A Stroke of Very Sad Luck

James and Helen are gone. GONE. 

And as if that isn't bad enough, their baby goose (who was now every bit as large the parents) is gone as well! 

We can make no sense of it. They are, in short, enormous. We've seen them terrify dogs. They've lived for over a year on the farm without ever falling prey to raccoon, marmot or any other critter that our lesser chickens have occasionally been lost to.

So all three gone? At once?

It's boggling. 

We might have even suspected them to be stolen ... only we did find one rather large pile of feathers (surely suggestive of an attack). But dogs, well, when dogs kill ... they do not make tidy work of the remains. There would have been far more goosely evidence than feathers. 

As we wandered around the farm Friday evening looking for any sign of them, I looked across a field and saw Jesse, Summer and Hans kneeling in a little circle praying. It was so touching to me. But also so sad.

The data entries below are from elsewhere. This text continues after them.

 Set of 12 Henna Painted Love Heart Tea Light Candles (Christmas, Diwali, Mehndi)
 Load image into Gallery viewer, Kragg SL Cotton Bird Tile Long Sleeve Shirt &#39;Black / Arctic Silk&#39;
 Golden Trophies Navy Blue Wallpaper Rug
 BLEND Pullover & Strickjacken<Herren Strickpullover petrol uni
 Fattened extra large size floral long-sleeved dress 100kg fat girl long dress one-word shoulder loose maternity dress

I knew, in this instance, the prayer would most likely not be answered as they were hoping. 

Our best guess was coyotes (?) or a dog getting in and going on a rampage ... and the dog's owner nervously cleaning up afterwards (and not telling us) (?) 

But it's still a mystery.

And it's true James could be quite the stinker. But he was our honking, hissing stinker. And there was some character lent to the farm by the presence of those three intrepid rulers. (Also, side note: Large Dewlap Touloose geese can cost over $200! So ... had we wanted to get rid of them, it would have been on our terms, and with a little money in our pockets!)

Alas. 

(I don't even have any good pictures of them.)

With the dismal business of lost geese still fresh in our hearts, it seemed extra sad luck (what's the opposite of fortuitous? is unfortuitous a word?) for Summer and Mette to discover, later that very same night, that Skittles the hamster had passed away. 

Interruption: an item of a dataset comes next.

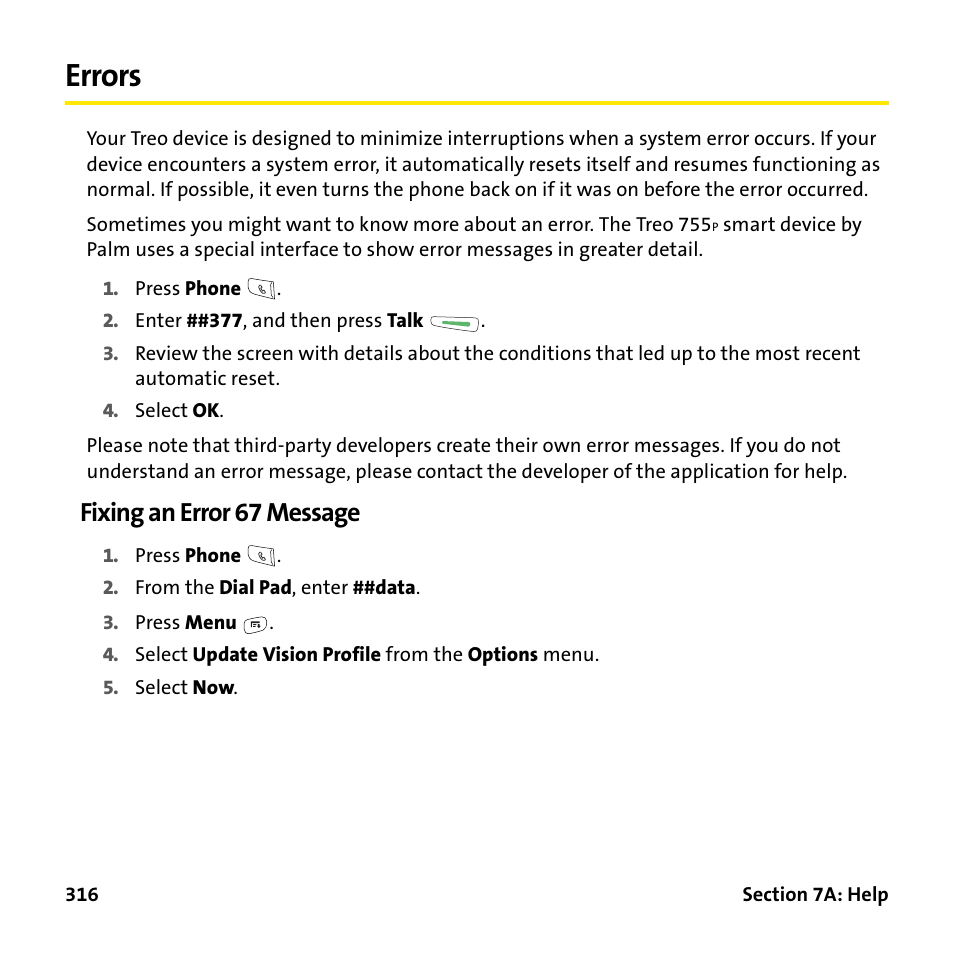 Errors, Fixing an error 67 message | Palm Treo 755P User Manual | Page 324 / 390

They were, at first, inconsolable. And their inconsolableness spread to Hans. (Only Starling seemed to quietly take it in. Petting his small furry back and saying, "I'm sad Skittles died.") It took some time before we could shift the weeping and "why"s to happy memories of Skittles.

Eventually some peace prevailed. The next day Mike helped Summer pick out a little box to serve as a casket. She set to painting it. They placed Skittles and a good deal of fluff in the box. Mike nailed the lid on. And we had a little funeral at the farm. (A favorite Skittles memory from each of us, a prayer, and then a shovel of dirt from everyone.